● **About this task**:
What's wanted is each entry repeated verbatim, minus its images.

BEGIN Data supplied

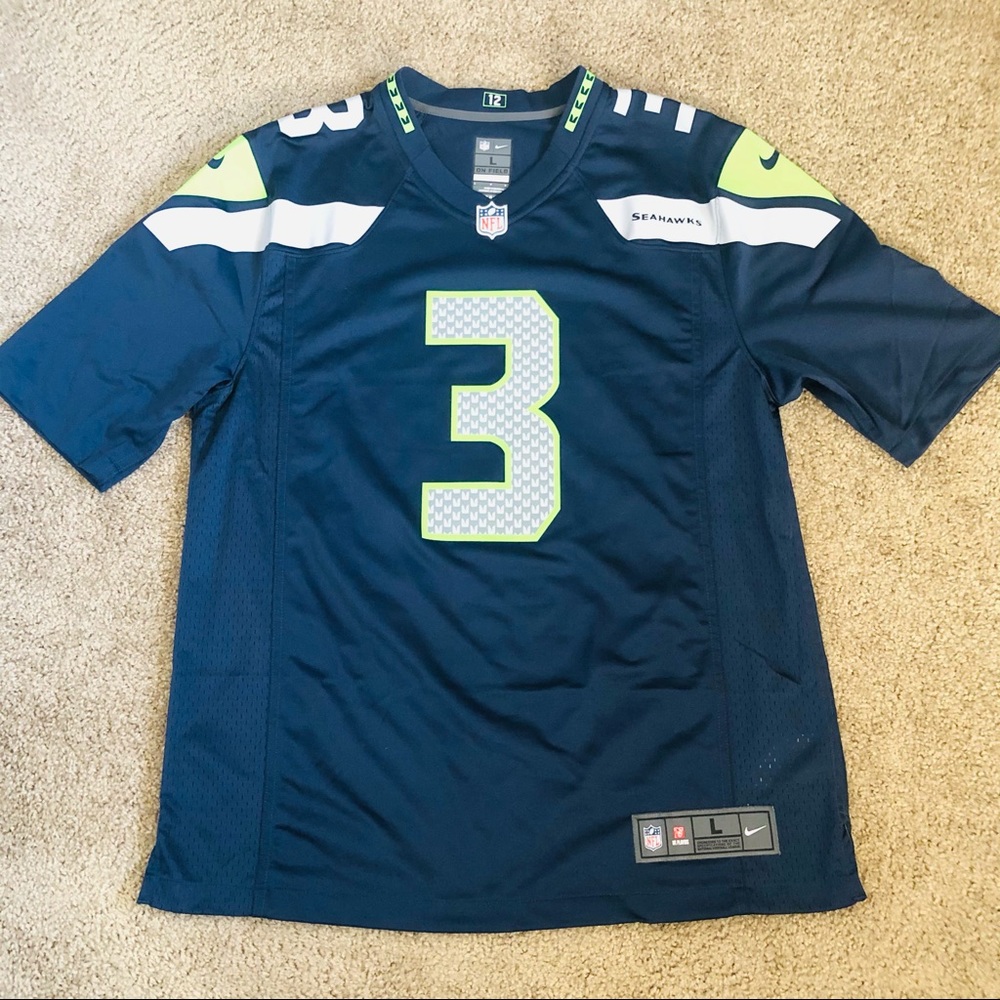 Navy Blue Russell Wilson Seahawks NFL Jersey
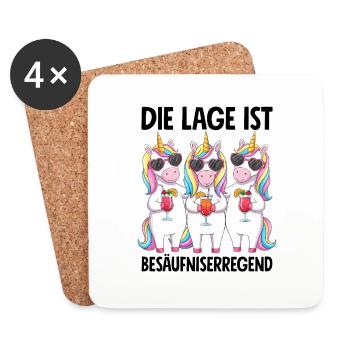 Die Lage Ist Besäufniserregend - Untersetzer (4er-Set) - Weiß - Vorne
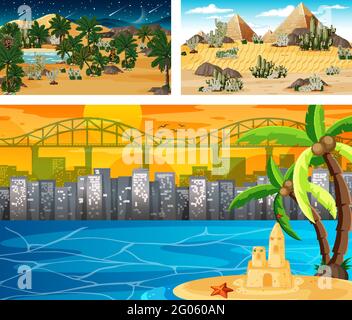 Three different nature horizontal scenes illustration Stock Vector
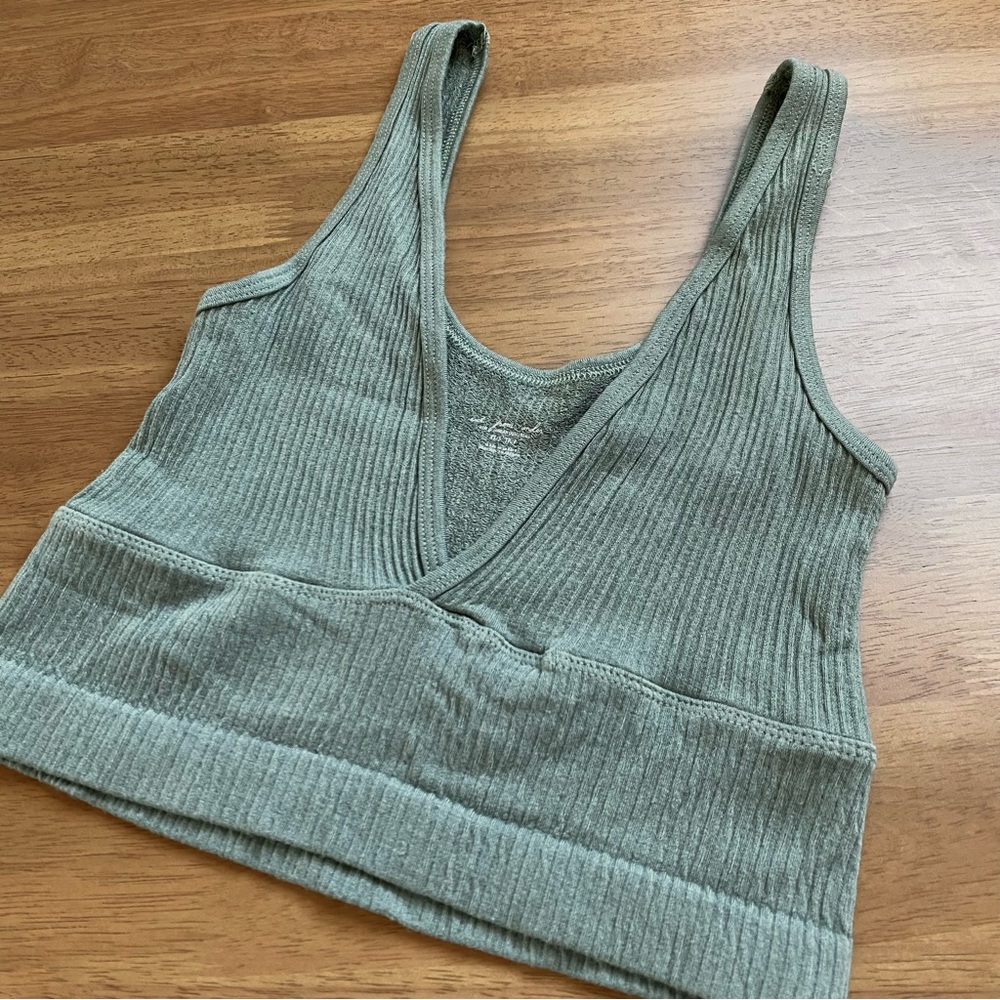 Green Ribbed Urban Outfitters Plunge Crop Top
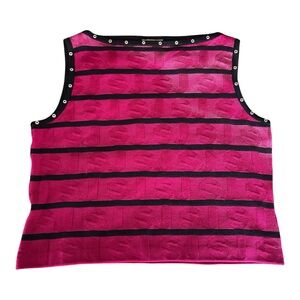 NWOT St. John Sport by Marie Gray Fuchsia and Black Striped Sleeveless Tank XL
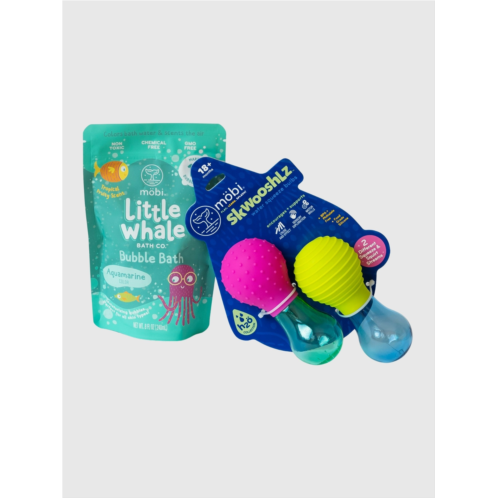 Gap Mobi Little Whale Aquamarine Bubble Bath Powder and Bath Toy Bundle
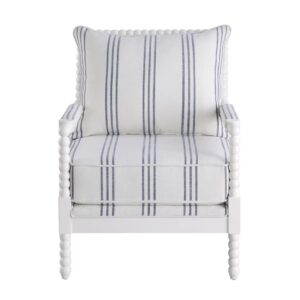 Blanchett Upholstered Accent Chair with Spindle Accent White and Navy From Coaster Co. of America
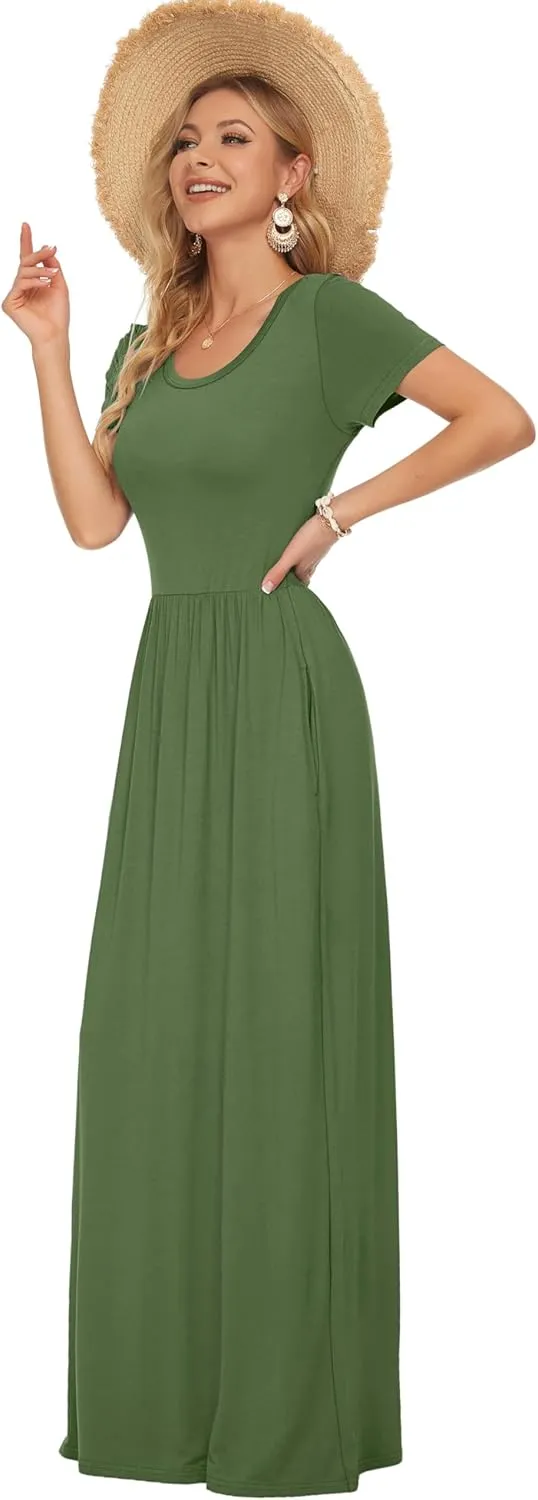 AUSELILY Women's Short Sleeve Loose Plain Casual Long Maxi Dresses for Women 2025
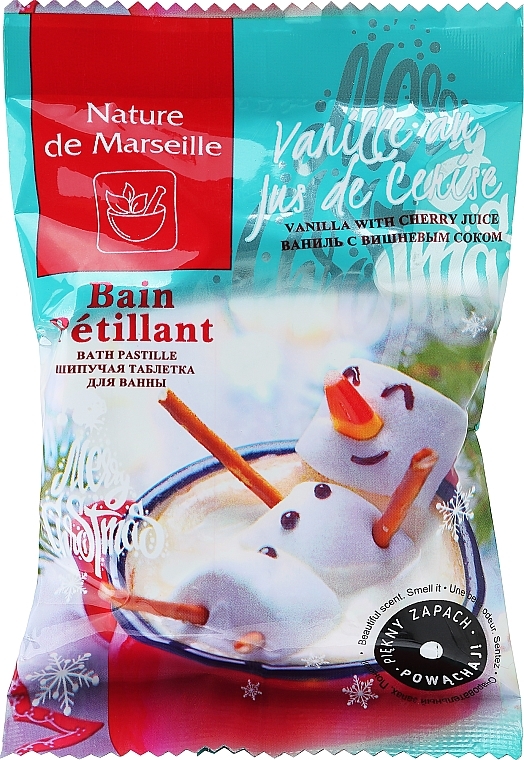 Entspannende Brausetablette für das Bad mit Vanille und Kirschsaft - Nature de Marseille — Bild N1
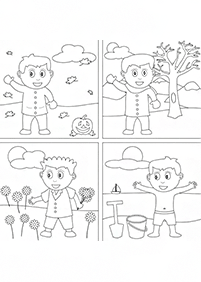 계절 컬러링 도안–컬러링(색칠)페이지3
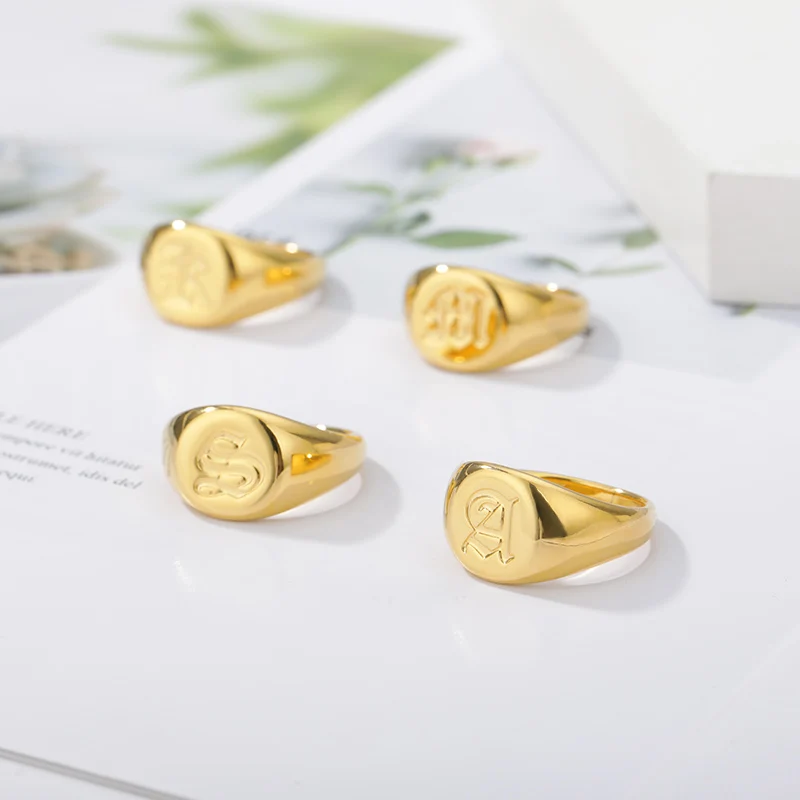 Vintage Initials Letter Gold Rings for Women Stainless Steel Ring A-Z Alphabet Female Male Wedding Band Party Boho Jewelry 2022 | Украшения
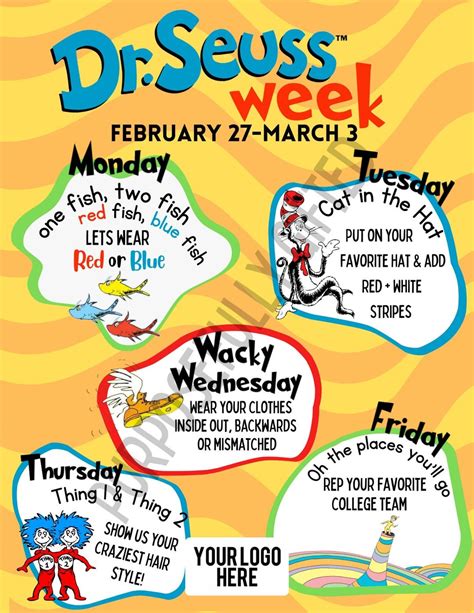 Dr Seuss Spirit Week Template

END Data supplied

● **Expected answer**:
 Navy Blue Russell Wilson Seahawks NFL Jersey
 Die Lage Ist Besäufniserregend - Untersetzer (4er-Set) - Weiß - Vorne
 Three different nature horizontal scenes illustration Stock Vector
 Green Ribbed Urban Outfitters Plunge Crop Top
 NWOT St. John Sport by Marie Gray Fuchsia and Black Striped Sleeveless Tank XL
 Gap Mobi Little Whale Aquamarine Bubble Bath Powder and Bath Toy Bundle
 Blanchett Upholstered Accent Chair with Spindle Accent White and Navy From Coaster Co. of America
 AUSELILY Women's Short Sleeve Loose Plain Casual Long Maxi Dresses for Women 2025
 Entspannende Brausetablette für das Bad mit Vanille und Kirschsaft - Nature de Marseille — Bild N1
 계절 컬러링 도안–컬러링(색칠)페이지3
 Vintage Initials Letter Gold Rings for Women Stainless Steel Ring A-Z Alphabet Female Male Wedding Band Party Boho Jewelry 2022 | Украшения
 Dr Seuss Spirit Week Template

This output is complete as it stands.